A Special 9-minute Flash Presentation
What is HPV?
Human Papilloma Virus (HPV) is a relatively common sexually transmitted disease passed on through genital contact, usually by sexual intercourse. There are more than 100 subtypes of HPV. Some forms of the virus can cause warts (papillomas), which may appear on a woman's cervix, vagina or vulva. Other forms of the virus can cause abnormal cell growth on the lining of the cervix -- cervical dysplasia -- that years later can turn into cancer. However, in more than 90 percent of cases the infections are harmless and go away without treatment. The body's own defense system expels the virus. Often, women experience no signs, symptoms or health problems.
On June 8, 2006, the U.S. Food and Drug Administration (FDA) approved a new HPV vaccine -- Gardasil -- for 9- to 26-year-old girls and women. A few weeks later, the CDC's Advisory Committee on Immunization Practices (ACIP) voted to recommend that all girls ages 11 and 12 receive Merck's new vaccine. Gardasil is designed to protect against four of the more than 100 different HPV strains. It is given as a three dose series costing $120 per dose, or $360 for the complete set of shots.
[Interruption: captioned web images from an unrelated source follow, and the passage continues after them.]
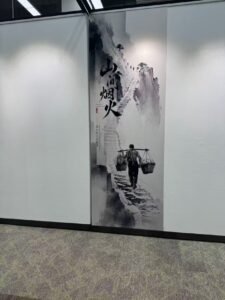 展廳噴畫及場地布置案例 微信图片 20260914113042 36 44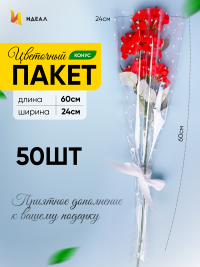 Пакет цветочный Конус 24/60 Уголок рисунок/рисунок цветочки 50 шт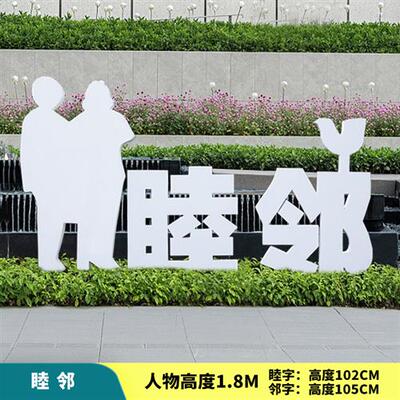 欢迎回家摆件玻璃钢铁艺welcome房地产营销中心小提琴热气球雕塑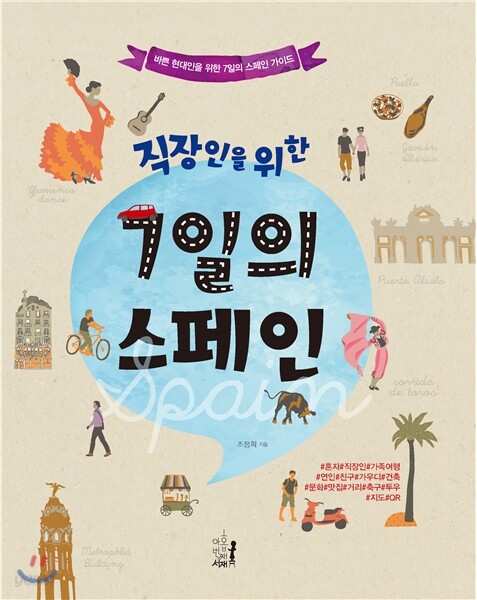 직장인을 위한 7일의 스페인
How common is cervical cancer?
Cervical cancer is not as common as other types of cancer. For example, in 2003 there were 14.4 cases of skin cancer per 100,000 population, nearly twice the rate of cervical cancer. Rates for colon cancer, lung cancer and breast cancer were even higher. In fact, women are nearly 15 times more likely to be stricken with breast cancer than with cervical cancer.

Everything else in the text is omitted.